[PROVIDED INFORMATION — start]

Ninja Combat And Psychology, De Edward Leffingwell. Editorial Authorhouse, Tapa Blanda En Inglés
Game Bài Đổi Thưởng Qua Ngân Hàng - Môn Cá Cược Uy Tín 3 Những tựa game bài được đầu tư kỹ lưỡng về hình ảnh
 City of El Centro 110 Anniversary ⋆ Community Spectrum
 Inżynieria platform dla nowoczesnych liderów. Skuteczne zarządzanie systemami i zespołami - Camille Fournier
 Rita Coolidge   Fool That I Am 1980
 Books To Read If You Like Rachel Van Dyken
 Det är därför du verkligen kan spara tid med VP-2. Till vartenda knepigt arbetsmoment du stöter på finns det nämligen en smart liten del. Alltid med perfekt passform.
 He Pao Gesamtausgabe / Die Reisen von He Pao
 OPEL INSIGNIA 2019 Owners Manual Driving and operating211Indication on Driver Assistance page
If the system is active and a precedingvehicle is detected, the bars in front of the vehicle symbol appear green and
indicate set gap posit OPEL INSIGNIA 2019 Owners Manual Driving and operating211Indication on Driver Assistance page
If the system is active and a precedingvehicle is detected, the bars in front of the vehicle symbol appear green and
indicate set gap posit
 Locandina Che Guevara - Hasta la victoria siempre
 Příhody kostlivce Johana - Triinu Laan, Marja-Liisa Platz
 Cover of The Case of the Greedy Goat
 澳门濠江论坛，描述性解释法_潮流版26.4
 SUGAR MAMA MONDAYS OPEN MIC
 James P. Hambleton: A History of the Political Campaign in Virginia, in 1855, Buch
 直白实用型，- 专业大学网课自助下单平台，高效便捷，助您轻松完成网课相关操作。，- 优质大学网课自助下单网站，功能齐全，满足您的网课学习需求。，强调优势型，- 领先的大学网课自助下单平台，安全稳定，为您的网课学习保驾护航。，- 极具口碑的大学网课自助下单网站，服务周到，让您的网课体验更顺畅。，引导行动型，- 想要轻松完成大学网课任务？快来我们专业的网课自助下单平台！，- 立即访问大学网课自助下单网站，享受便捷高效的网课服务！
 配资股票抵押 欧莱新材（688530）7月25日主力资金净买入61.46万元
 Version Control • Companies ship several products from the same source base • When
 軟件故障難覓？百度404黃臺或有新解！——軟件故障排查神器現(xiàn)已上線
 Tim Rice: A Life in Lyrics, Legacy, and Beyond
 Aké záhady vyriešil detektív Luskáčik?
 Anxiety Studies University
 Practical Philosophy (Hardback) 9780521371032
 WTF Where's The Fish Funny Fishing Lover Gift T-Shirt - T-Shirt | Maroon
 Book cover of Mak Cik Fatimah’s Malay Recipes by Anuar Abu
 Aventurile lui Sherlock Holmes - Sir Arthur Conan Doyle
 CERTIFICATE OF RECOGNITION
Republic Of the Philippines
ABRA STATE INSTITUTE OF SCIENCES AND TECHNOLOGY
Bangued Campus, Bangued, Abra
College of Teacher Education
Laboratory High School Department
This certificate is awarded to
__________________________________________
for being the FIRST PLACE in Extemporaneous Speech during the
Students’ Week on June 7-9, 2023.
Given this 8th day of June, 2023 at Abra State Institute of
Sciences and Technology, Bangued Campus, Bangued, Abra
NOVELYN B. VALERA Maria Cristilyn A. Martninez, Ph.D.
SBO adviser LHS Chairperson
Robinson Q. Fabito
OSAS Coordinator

[PROVIDED INFORMATION — finish]

*EXERCISE REQUIREMENTS*
Restate the material word for word, but only from its first line through the line containing "City of El Centro".

*PROBLEM SOLUTION*
Ninja Combat And Psychology, De Edward Leffingwell. Editorial Authorhouse, Tapa Blanda En Inglés
Game Bài Đổi Thưởng Qua Ngân Hàng - Môn Cá Cược Uy Tín 3 Những tựa game bài được đầu tư kỹ lưỡng về hình ảnh
 City of El Centro 110 Anniversary ⋆ Community Spectrum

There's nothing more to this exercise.